The report is understood to stop short of advocating for a full-scale wealth tax, which is generally levied on net household wealth, instead proposing targeted taxes on certain income streams which contribute to individual wealth.
Sinn Féin has advocated for a wealth tax of 1 per cent on “net wealth held above €1 million”, which it said in its alternative budget for 2022 would raise some €129 million.
Proponents of taxes on wealth argue they facilitate the transfer of wealth, often intergenerationally, and target embedded wealth inequality rather than income inequality, which is addressed more directly by the income tax system.
Promoting employment
The report of the commission on tax and welfare is set to be published before the end of the year, potentially in the immediate aftermath of the budget. But no date has been set yet. It was established last year to “review how best the taxation and welfare system can support economic activity and income redistribution” while promoting employment and prosperity in a “resilient, inclusive and sustainable way”.

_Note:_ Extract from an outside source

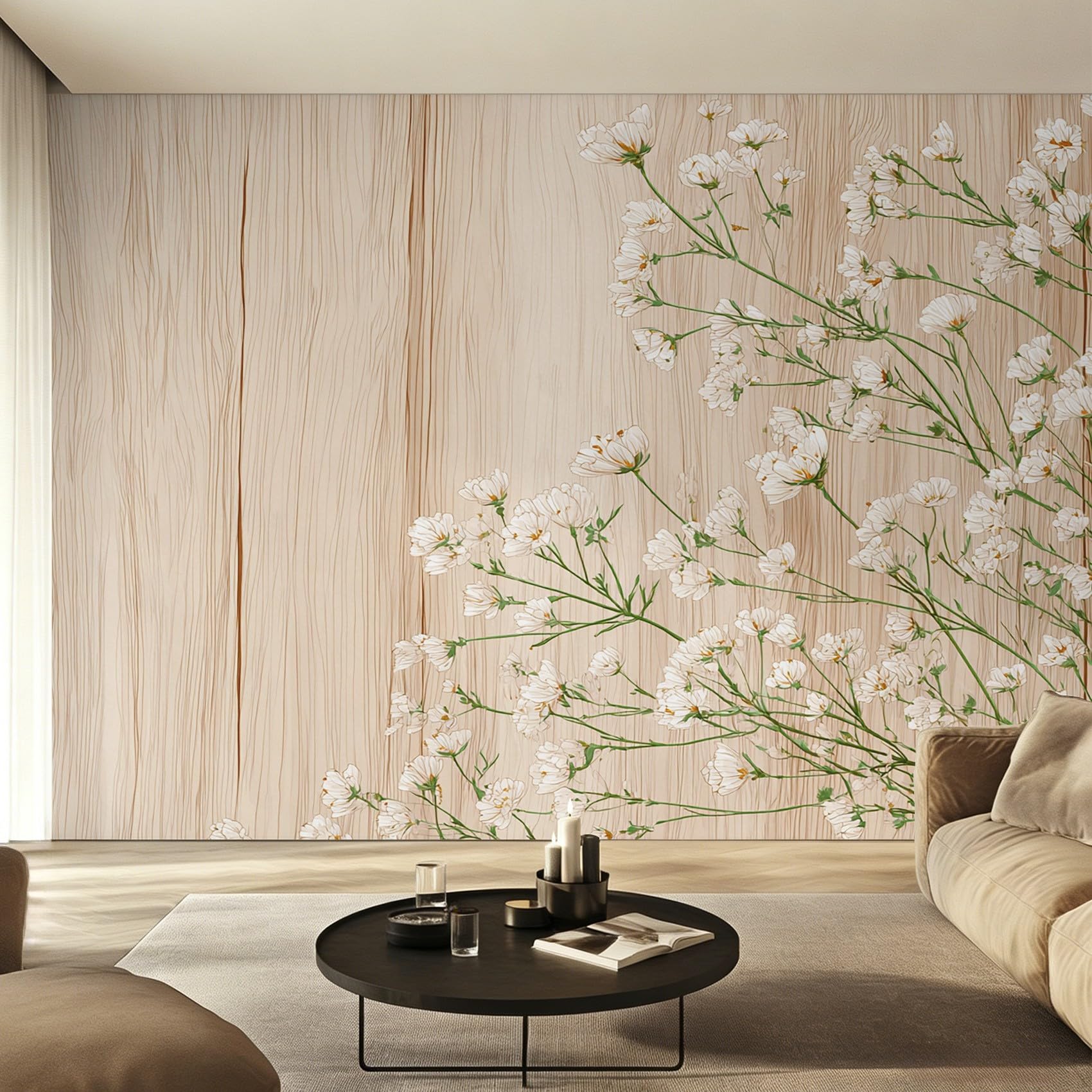 Générique Papier Peint Intissé Fleurs Sauvages, Papier Peint Panoramique Floral Ferme Grain de Bois 350x250 cm, Papiers Peints Beige Clair Vert Décoration Murale Salon Chambre w6g32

A meeting of the commission in January of this year discussed a paper on “taxes on wealth”, published minutes show. Members discussed the distribution of wealth in the Republic and “options for a wealth tax” including whether it would be recurrent or once-off in structure, and “whether such a new tax on wealth should be considered in the context of existing taxes on returns to, or transfers of, wealth”.
A meeting earlier that month discussed taxation of share-based remuneration and also the “overall balance of taxation between earned income, consumption and wealth”. In October of last year, it discussed intergenerational equity in the housing market and changes to the taxation of property wealth.
The report is also understood to warn Government that it will need to raise billions of euros in additional revenue, primarily through increased taxes, to fund age-related spending.
Elsewhere, State fiscal watchdog the Irish Fiscal Advisory Council (Ifac) has said increasing welfare and pension payments to keep pace with inflation, combined with the costs of public pay and capital investment, would mean expenditure increasing by almost €7.5 billion in Budget 2023. Ifac said in its pre-budget submission that this would grow the budget well in excess of rules which limit expenditure growth to 5 per cent — and which have already been paused by the Coalition, which intends to grow core spending by 6.5 per cent in 2023.